*EXERCISE*: Copy out only the span from the line with "Junge hübsche Frau" to the end of the data, both ends kept, word for word.

*COLLECTED MATERIAL*:
□ □ □ □ □
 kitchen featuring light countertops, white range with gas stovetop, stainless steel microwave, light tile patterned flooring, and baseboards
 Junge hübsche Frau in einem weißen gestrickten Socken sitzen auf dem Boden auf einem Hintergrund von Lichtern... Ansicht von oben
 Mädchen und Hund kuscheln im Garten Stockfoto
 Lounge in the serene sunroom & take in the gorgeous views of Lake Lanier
□ □ □ □ □
*SOLUTION FOR THIS EXERCISE*:
 Junge hübsche Frau in einem weißen gestrickten Socken sitzen auf dem Boden auf einem Hintergrund von Lichtern... Ansicht von oben
 Mädchen und Hund kuscheln im Garten Stockfoto
 Lounge in the serene sunroom & take in the gorgeous views of Lake Lanier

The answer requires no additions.